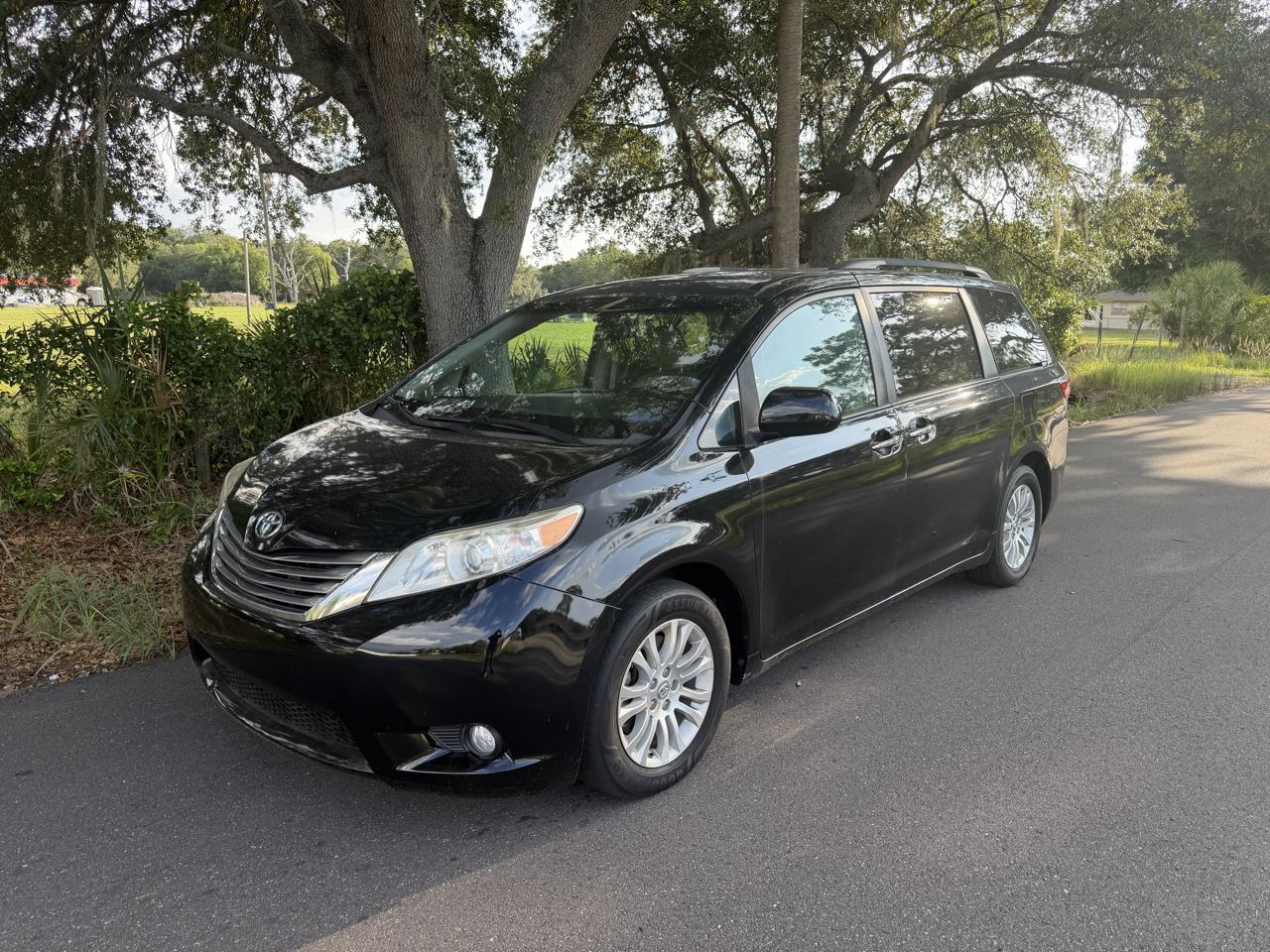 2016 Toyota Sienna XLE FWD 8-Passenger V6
==
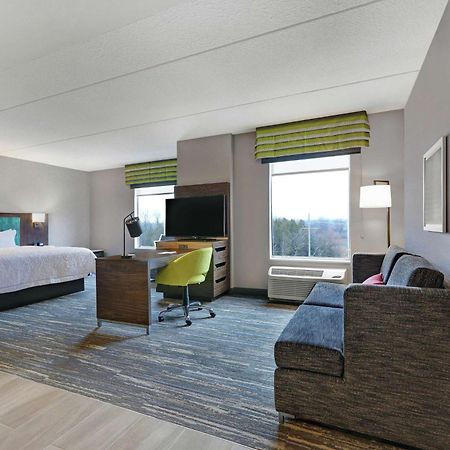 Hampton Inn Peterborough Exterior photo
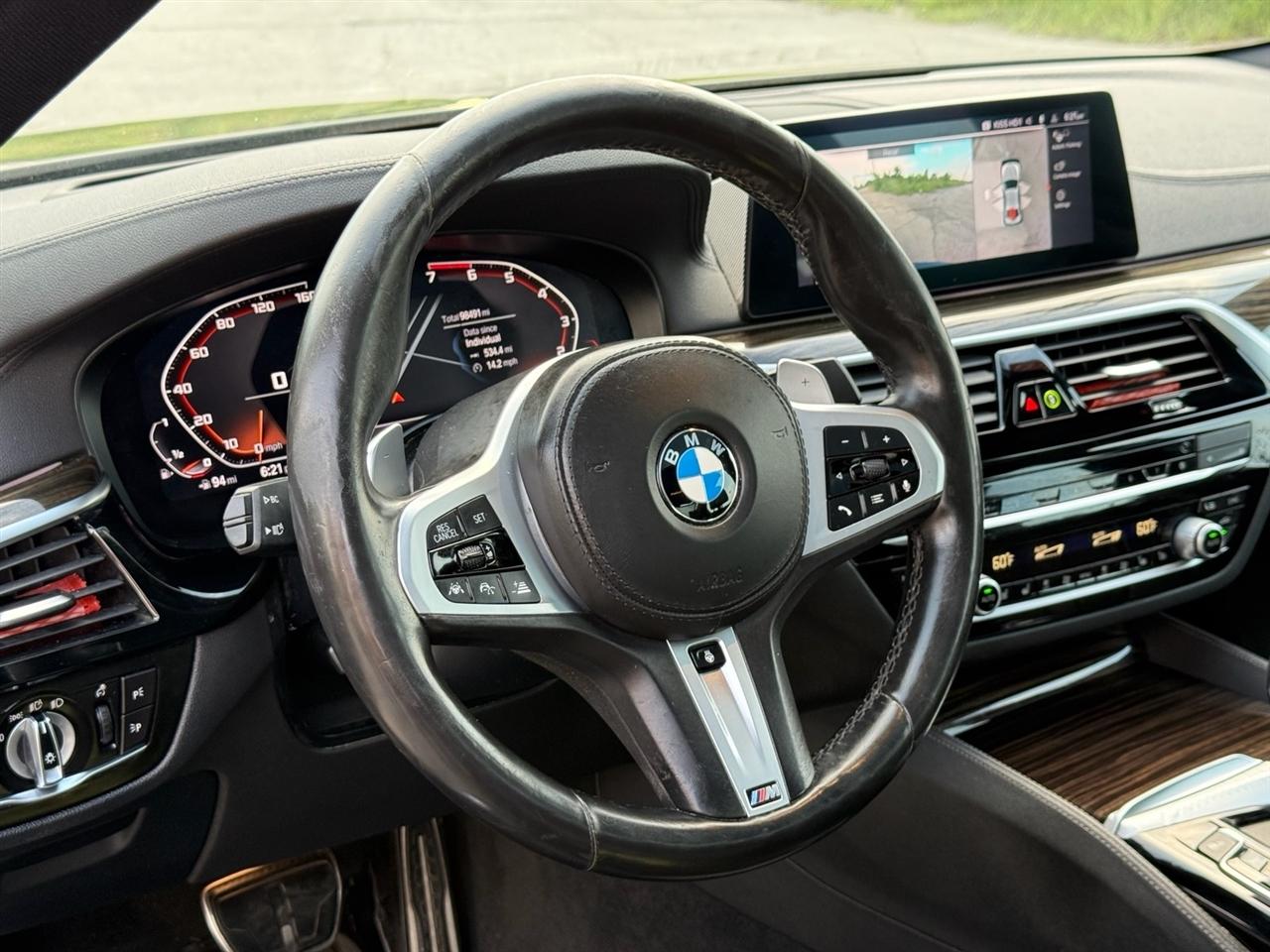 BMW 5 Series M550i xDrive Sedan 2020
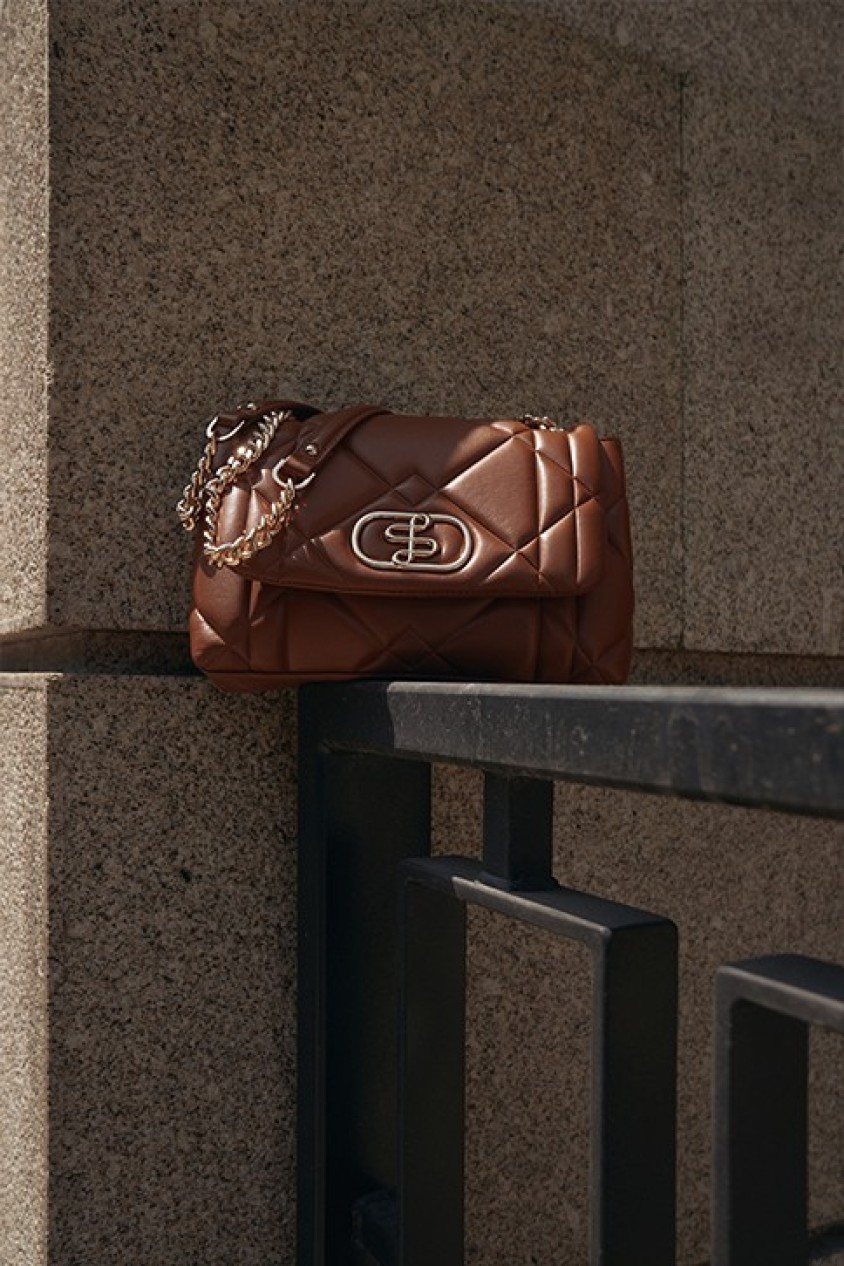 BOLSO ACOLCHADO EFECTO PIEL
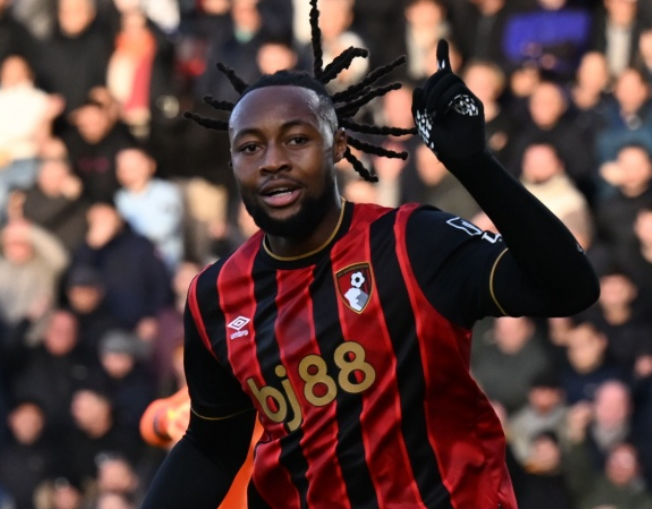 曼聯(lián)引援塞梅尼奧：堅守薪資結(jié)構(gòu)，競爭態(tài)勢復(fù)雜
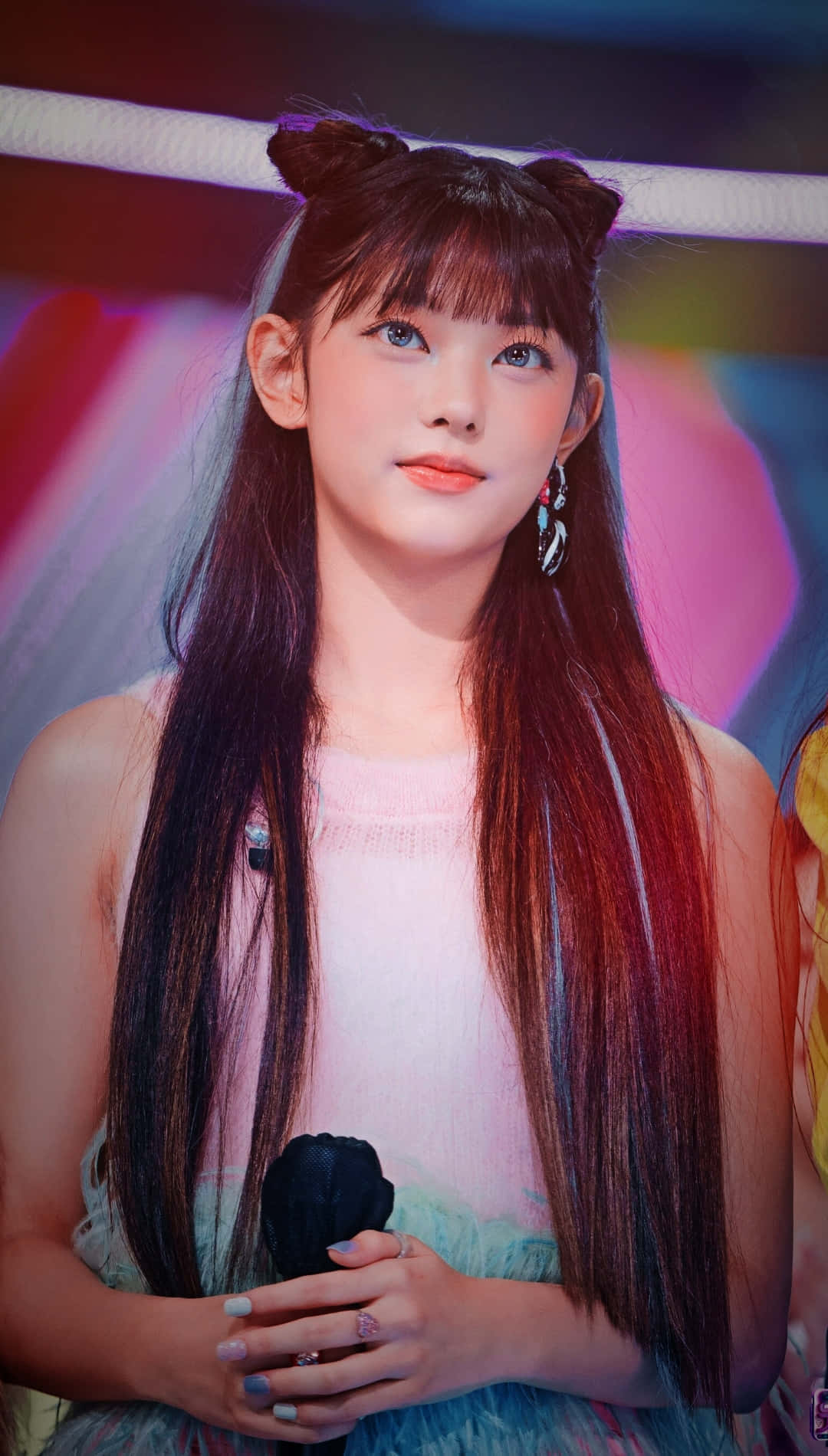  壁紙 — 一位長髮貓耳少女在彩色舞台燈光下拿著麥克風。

WORK REQUIRED: Copy everything above from the line holding "BOLSO ACOLCHADO EFECTO PIEL" down to the line holding "壁紙 — 一位長髮貓耳少女在彩色舞台燈光下拿著麥克風。", both ends included, exactly as it stands and without the pictures.

WRITTEN REPLY:
 BOLSO ACOLCHADO EFECTO PIEL
 曼聯(lián)引援塞梅尼奧：堅守薪資結(jié)構(gòu)，競爭態(tài)勢復(fù)雜
  壁紙 — 一位長髮貓耳少女在彩色舞台燈光下拿著麥克風。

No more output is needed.